» **PROBLEM**: Which lines run from the line with "Select Call-In, and" through the line with "Press Ctrl C" in the entries below? Print them exactly, both ends included, and nothing more.

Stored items
|---|
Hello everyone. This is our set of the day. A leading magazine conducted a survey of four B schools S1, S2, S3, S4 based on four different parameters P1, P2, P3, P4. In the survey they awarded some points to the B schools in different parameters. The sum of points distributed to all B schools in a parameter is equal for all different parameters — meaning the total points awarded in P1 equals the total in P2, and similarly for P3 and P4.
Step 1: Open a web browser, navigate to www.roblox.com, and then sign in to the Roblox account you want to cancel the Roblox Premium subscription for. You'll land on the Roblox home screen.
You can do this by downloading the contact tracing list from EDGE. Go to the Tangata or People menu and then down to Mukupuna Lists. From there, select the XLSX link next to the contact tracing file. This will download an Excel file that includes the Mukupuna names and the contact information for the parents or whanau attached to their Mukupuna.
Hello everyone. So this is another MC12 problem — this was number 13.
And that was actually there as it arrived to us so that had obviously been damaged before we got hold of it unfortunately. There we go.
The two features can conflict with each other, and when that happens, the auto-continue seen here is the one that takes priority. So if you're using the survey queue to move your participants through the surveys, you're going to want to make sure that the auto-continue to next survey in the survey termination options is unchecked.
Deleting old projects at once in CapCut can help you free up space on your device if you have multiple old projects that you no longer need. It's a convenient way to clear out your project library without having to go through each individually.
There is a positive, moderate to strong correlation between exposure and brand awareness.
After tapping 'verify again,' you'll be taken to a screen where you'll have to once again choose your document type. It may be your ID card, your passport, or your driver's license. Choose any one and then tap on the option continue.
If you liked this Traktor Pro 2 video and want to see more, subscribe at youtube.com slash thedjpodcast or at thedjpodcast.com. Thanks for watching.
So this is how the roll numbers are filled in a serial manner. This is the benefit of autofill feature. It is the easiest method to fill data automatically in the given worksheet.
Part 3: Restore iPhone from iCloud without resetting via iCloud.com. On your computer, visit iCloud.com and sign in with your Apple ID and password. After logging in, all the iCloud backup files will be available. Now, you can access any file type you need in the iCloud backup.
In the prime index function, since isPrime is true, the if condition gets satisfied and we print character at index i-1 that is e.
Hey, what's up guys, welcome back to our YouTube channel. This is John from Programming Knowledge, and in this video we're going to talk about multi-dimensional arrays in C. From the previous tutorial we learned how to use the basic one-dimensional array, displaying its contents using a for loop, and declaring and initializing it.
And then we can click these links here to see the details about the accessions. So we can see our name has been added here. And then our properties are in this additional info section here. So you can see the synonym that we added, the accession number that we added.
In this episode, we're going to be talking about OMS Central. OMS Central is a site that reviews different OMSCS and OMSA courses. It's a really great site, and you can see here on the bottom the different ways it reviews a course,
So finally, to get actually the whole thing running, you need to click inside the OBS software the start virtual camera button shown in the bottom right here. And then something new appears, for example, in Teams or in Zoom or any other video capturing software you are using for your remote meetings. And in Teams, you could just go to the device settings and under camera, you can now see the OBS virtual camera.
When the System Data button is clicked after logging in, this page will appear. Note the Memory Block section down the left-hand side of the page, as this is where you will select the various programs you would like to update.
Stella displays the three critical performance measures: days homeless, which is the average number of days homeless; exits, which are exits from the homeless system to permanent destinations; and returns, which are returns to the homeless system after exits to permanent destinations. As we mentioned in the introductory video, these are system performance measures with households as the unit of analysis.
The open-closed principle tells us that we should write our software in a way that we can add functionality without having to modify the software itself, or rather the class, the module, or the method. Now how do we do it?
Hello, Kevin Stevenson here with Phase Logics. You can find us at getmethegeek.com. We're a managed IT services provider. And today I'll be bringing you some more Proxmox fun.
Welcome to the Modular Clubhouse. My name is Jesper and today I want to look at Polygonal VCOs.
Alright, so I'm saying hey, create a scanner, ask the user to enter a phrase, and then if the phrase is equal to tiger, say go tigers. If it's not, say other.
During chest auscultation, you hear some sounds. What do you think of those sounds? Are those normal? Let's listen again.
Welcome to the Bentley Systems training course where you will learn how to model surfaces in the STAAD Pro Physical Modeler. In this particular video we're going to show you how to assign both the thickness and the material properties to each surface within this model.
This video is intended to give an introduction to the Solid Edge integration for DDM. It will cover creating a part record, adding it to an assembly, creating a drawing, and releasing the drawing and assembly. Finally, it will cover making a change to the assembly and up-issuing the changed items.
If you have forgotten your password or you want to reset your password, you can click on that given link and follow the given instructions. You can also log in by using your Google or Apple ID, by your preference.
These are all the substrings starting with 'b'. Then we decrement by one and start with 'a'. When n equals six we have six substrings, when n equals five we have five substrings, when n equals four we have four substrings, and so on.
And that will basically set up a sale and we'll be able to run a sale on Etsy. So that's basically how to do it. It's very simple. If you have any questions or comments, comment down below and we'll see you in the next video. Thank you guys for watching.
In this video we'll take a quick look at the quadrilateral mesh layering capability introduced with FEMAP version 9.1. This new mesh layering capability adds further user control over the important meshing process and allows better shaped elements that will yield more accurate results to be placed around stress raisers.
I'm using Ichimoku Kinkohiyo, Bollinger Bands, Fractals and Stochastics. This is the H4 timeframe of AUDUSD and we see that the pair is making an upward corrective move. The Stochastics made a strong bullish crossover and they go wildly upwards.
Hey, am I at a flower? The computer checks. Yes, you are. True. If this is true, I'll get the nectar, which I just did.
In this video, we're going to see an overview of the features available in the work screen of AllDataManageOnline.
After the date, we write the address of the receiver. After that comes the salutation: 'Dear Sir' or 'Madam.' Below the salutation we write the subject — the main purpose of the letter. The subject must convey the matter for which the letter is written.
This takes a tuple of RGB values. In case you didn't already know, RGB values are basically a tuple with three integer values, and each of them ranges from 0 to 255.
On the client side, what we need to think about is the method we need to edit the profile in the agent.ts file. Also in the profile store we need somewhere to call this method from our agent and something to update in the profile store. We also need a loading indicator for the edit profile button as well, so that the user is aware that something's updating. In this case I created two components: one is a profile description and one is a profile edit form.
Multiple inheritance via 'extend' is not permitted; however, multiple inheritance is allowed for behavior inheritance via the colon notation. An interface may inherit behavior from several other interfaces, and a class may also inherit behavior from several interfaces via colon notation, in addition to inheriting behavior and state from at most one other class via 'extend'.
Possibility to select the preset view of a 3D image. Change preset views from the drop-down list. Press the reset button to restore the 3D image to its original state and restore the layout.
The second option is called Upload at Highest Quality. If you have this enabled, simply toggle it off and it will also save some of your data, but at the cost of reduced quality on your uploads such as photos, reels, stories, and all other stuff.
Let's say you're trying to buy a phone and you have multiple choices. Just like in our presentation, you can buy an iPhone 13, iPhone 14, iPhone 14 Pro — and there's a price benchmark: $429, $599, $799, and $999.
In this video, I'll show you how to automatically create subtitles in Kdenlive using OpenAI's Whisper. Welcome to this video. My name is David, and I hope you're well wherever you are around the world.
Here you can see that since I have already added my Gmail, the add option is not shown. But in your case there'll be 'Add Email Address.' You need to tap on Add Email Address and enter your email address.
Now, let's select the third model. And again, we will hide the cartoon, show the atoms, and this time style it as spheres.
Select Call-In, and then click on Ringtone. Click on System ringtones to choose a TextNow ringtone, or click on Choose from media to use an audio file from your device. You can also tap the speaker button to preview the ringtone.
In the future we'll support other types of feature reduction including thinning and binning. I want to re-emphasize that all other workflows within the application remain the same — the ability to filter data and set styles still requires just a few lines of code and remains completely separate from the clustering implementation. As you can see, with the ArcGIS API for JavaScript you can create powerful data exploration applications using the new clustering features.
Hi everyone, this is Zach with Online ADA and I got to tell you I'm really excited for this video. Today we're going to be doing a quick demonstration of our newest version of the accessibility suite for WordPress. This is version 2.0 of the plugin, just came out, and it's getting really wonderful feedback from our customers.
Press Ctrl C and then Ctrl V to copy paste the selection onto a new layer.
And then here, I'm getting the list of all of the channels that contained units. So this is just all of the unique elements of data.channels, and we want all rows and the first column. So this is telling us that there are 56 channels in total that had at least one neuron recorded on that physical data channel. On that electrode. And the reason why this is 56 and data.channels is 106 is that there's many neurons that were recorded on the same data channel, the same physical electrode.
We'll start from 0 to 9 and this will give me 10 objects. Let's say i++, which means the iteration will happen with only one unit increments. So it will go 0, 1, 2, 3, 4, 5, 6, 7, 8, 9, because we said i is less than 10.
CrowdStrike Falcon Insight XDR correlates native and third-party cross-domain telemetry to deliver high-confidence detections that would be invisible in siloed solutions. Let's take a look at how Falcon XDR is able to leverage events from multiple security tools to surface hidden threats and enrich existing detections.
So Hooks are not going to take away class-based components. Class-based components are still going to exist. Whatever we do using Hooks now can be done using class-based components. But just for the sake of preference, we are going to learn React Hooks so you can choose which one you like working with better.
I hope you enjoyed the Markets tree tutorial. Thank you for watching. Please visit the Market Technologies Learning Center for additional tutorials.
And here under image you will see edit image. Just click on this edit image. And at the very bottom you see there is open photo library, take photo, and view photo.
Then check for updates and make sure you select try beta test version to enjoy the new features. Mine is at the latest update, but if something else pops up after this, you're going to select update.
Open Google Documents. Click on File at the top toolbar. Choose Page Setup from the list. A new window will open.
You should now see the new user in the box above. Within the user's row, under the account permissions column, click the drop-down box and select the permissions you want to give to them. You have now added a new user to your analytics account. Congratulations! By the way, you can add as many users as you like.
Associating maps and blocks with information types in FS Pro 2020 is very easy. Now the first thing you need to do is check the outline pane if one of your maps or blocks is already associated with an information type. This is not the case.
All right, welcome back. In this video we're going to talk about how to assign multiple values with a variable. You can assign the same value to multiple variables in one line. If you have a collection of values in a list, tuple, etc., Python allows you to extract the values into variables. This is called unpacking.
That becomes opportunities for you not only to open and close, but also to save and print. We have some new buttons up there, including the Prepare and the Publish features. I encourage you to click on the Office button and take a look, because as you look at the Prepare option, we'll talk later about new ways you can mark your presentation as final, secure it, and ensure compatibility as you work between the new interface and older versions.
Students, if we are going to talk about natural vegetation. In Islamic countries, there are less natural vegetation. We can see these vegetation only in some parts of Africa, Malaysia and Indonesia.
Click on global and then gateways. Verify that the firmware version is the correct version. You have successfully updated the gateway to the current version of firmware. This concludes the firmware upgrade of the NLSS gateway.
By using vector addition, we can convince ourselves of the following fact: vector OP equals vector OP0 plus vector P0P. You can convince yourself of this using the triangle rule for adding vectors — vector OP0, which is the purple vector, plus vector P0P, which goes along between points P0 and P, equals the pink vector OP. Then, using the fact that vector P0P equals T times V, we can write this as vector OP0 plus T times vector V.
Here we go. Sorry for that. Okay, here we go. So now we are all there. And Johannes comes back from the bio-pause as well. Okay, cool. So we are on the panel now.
|---|
» **FINAL ANSWER**:
Select Call-In, and then click on Ringtone. Click on System ringtones to choose a TextNow ringtone, or click on Choose from media to use an audio file from your device. You can also tap the speaker button to preview the ringtone.
In the future we'll support other types of feature reduction including thinning and binning. I want to re-emphasize that all other workflows within the application remain the same — the ability to filter data and set styles still requires just a few lines of code and remains completely separate from the clustering implementation. As you can see, with the ArcGIS API for JavaScript you can create powerful data exploration applications using the new clustering features.
Hi everyone, this is Zach with Online ADA and I got to tell you I'm really excited for this video. Today we're going to be doing a quick demonstration of our newest version of the accessibility suite for WordPress. This is version 2.0 of the plugin, just came out, and it's getting really wonderful feedback from our customers.
Press Ctrl C and then Ctrl V to copy paste the selection onto a new layer.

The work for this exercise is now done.